Abschlussbericht zu Fällen sexuellen Missbrauchs bei Jesuiten

Eine bittere Wahrheit

Schlag Zwölf war es, und irgendwie auch High Noon für die Jesuiten. Hoch über dem Münchner Marienplatz stellte am Donnerstag die vom Orden beauftragte Berliner Anwältin Ursula Raue nach vier Monaten ihren Abschlussbericht über Fälle sexuellen Missbrauchs an Schulen und anderen Einrichtungen des Jesuitenordens vor.

Autor/in:
Barbara Just
 (DR)

Eine "bitter Wahrheit", wie es Provinzial Stefan Dartmann nannte, hatte sie auf 26 Seiten aufgelistet. Seit vier Monaten sind Meldungen von 205 mutmaßlichen Opfern eingegangen. Dazu gab es weitere 50, die sich auf andere - meist katholische, aber nicht jesuitische - Einrichtungen bezogen.
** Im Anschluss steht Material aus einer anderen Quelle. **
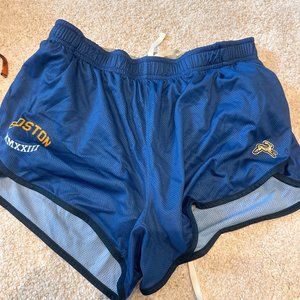 tracksmith running shorts size M boston special edition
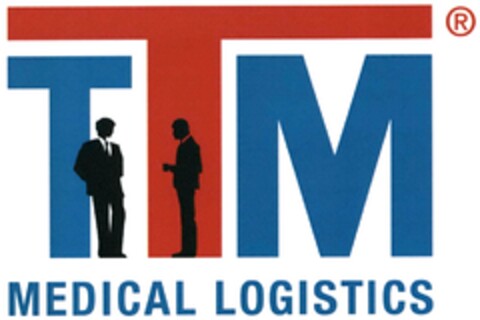 TTM MEDICAL LOGISTICS Logo (DPMA, 03.12.2015)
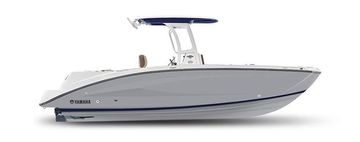 2026 Yamaha Boats 252 FSH Sport
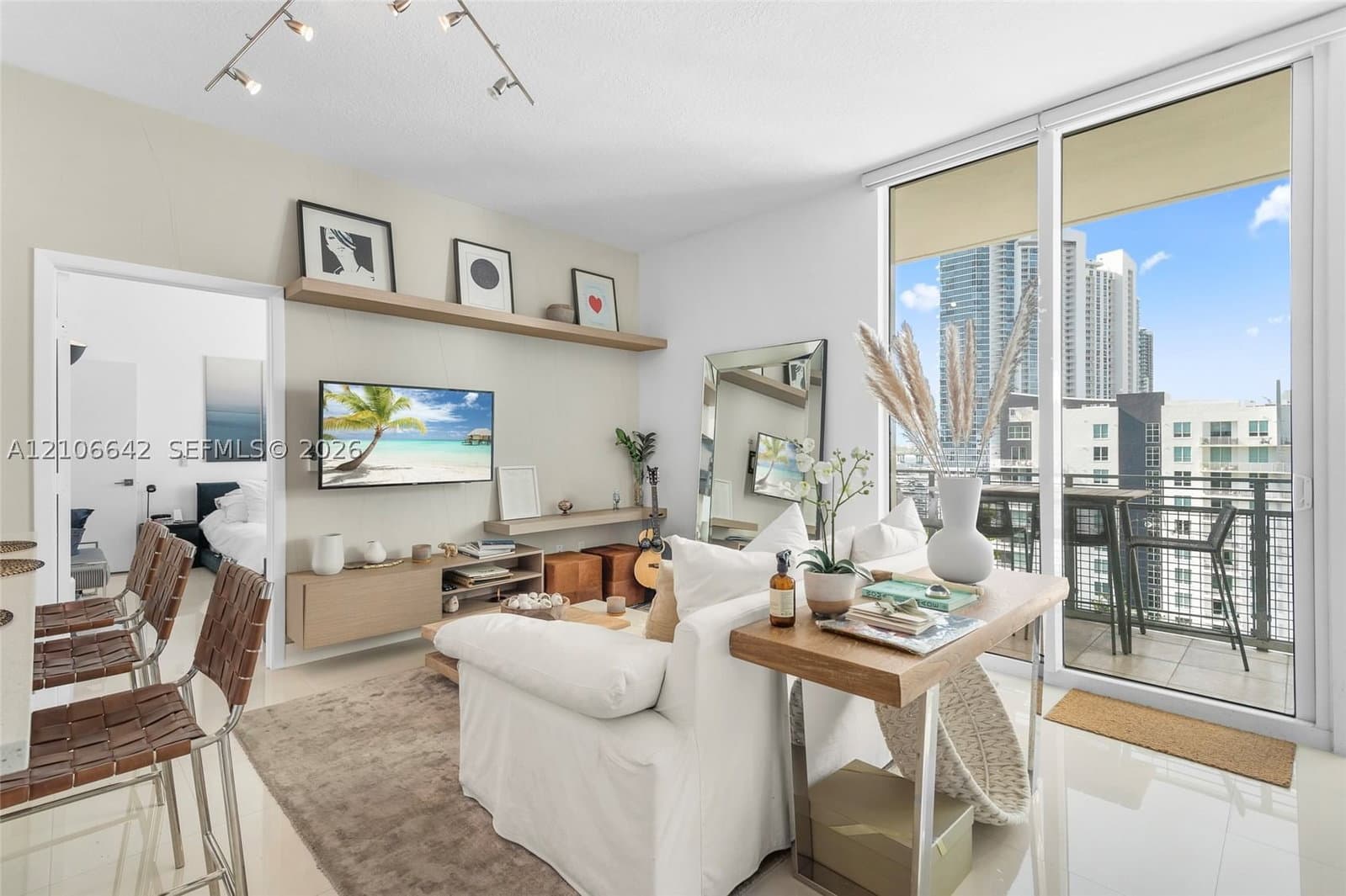 2+1 Condo — 350 24th St #1103, Miami, FL 33137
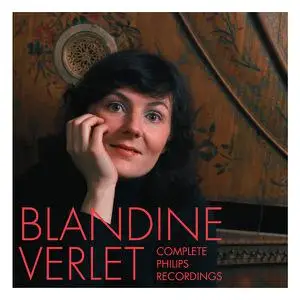 Blandine Verlet - Complete Philips Recordings (2021)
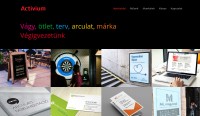 Activium Kommunikációs Tervezőiroda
Wer jedoch meint, damit sei alles erledigt, täuscht sich. "Wir können nicht davon ausgehen, alles gehört zu haben", betonte Raue. Noch immer meldeten sich Leute bei ihr, und für solche mutmaßlichen Opfer müssten Angebote erhalten bleiben. Dabei sei nichts wichtiger, als den Betroffenen Glauben zu schenken und ihnen individuelle Fürsorge angedeihen zu lassen. Dazu gehörten Einzelgespräche genauso wie der Ersatz von Therapiekosten.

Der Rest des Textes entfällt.